[Excerpts from a dataset]
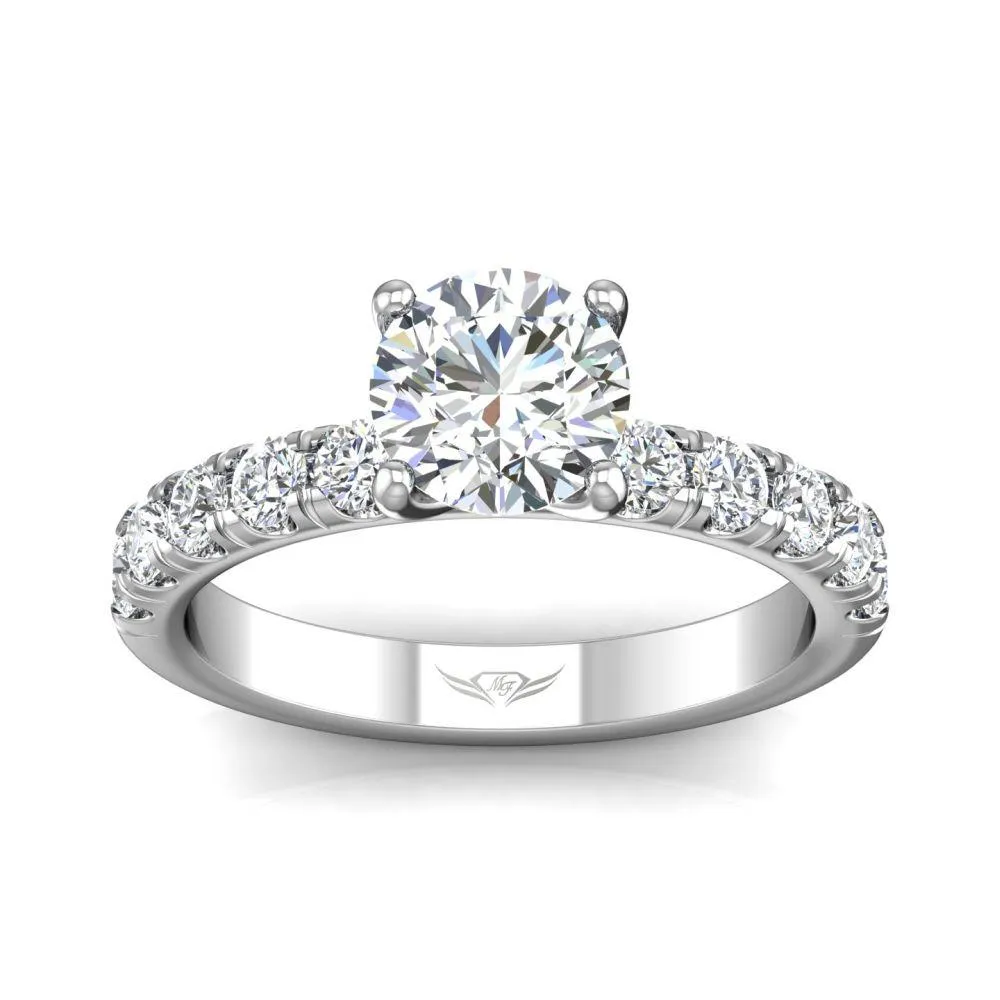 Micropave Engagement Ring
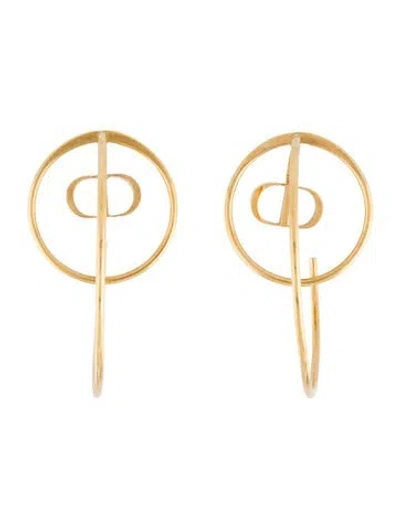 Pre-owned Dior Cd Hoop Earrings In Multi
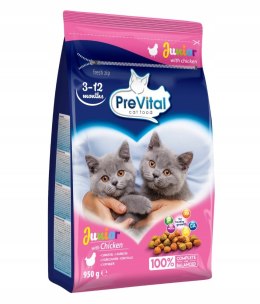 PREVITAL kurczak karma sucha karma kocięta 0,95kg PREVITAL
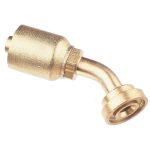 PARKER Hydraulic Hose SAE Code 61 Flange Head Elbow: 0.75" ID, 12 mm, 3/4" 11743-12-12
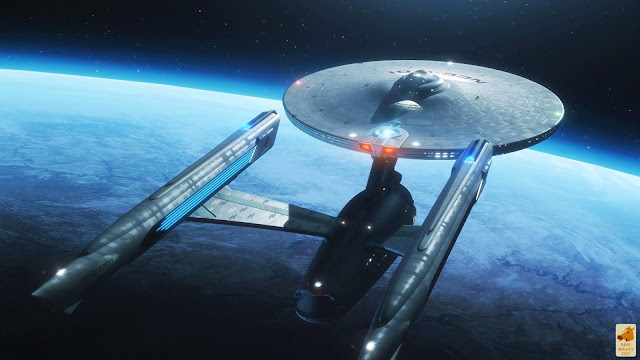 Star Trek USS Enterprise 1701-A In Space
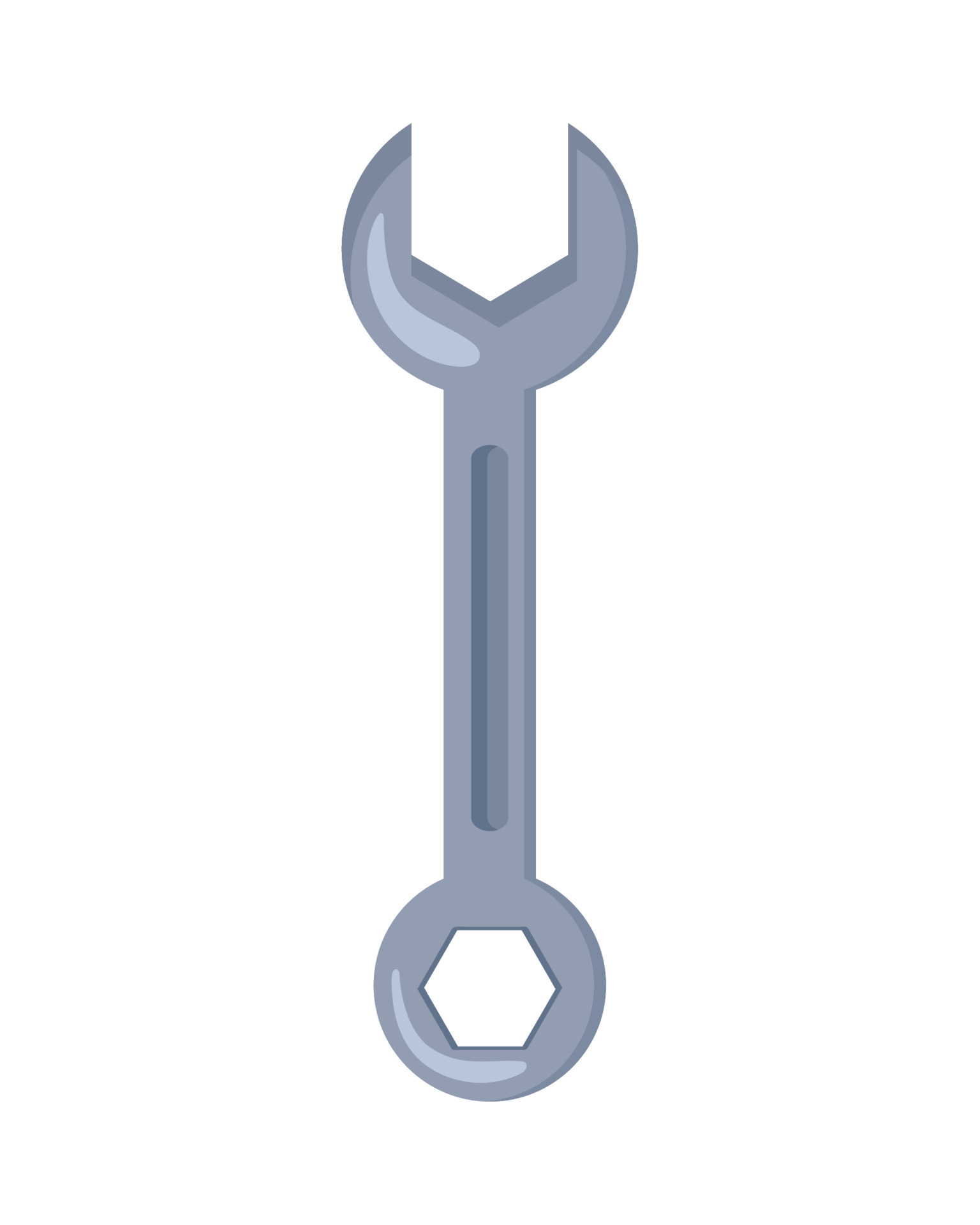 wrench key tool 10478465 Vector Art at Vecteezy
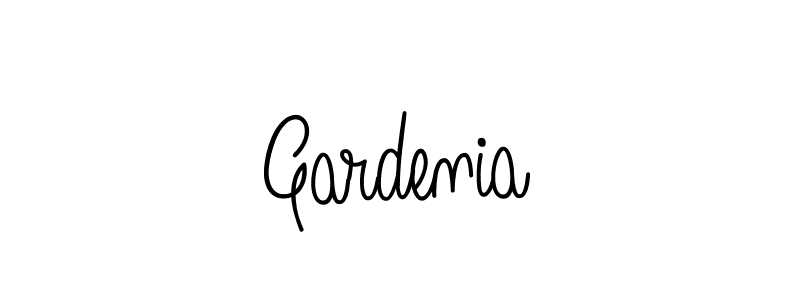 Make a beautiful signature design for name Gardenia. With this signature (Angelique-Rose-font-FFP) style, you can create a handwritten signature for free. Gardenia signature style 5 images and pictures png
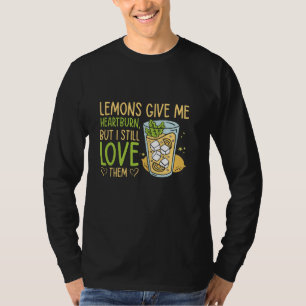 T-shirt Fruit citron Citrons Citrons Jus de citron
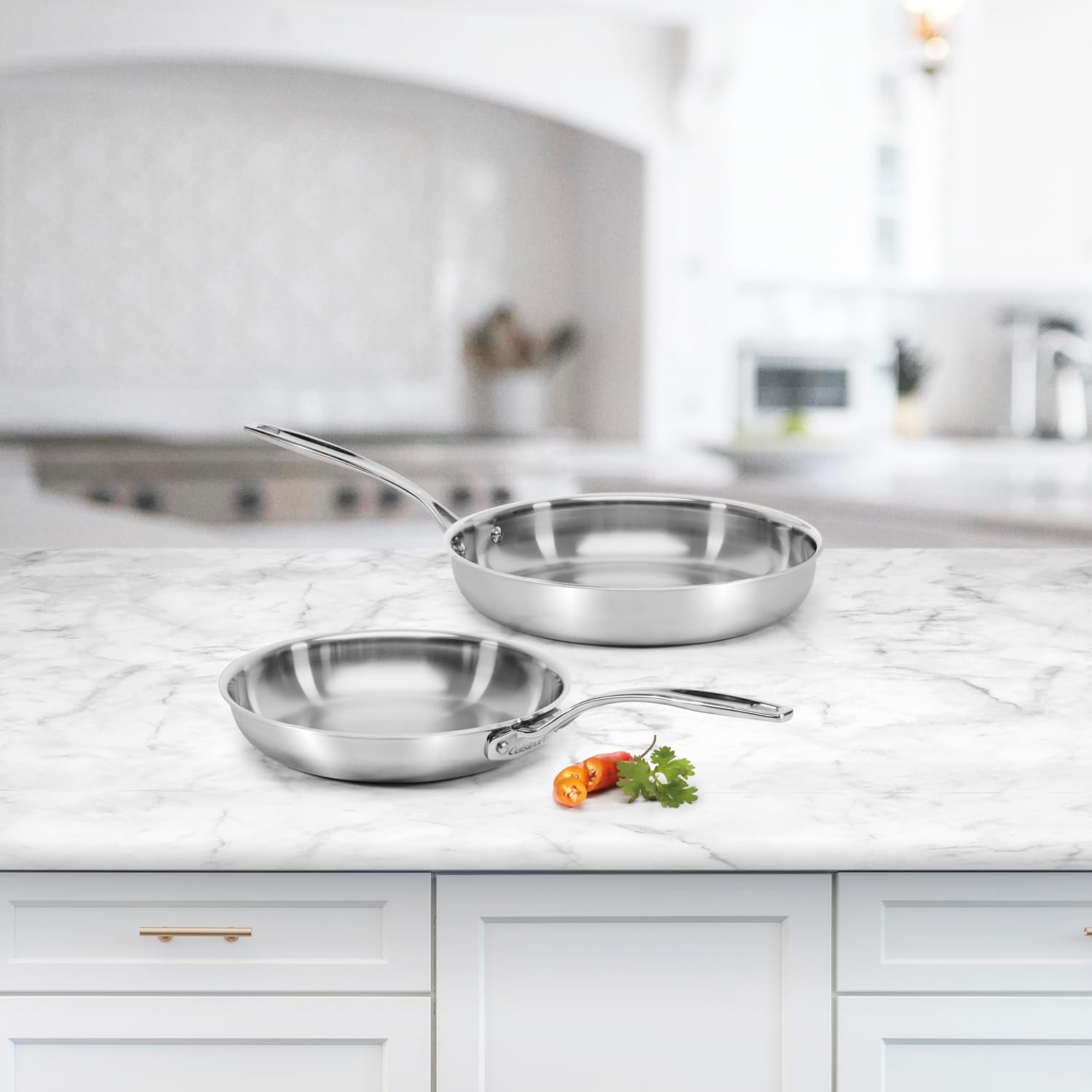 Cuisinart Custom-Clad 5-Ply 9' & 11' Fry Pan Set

→ GOAL OF THE EXERCISE: The reply needs to repeat exactly the line containing "T-shirt Fruit citron" and each line after it, through the final line of the entries above, and to skip the pictures.

→ ANSWER SPACE:
 T-shirt Fruit citron Citrons Citrons Jus de citron
 Cuisinart Custom-Clad 5-Ply 9' & 11' Fry Pan Set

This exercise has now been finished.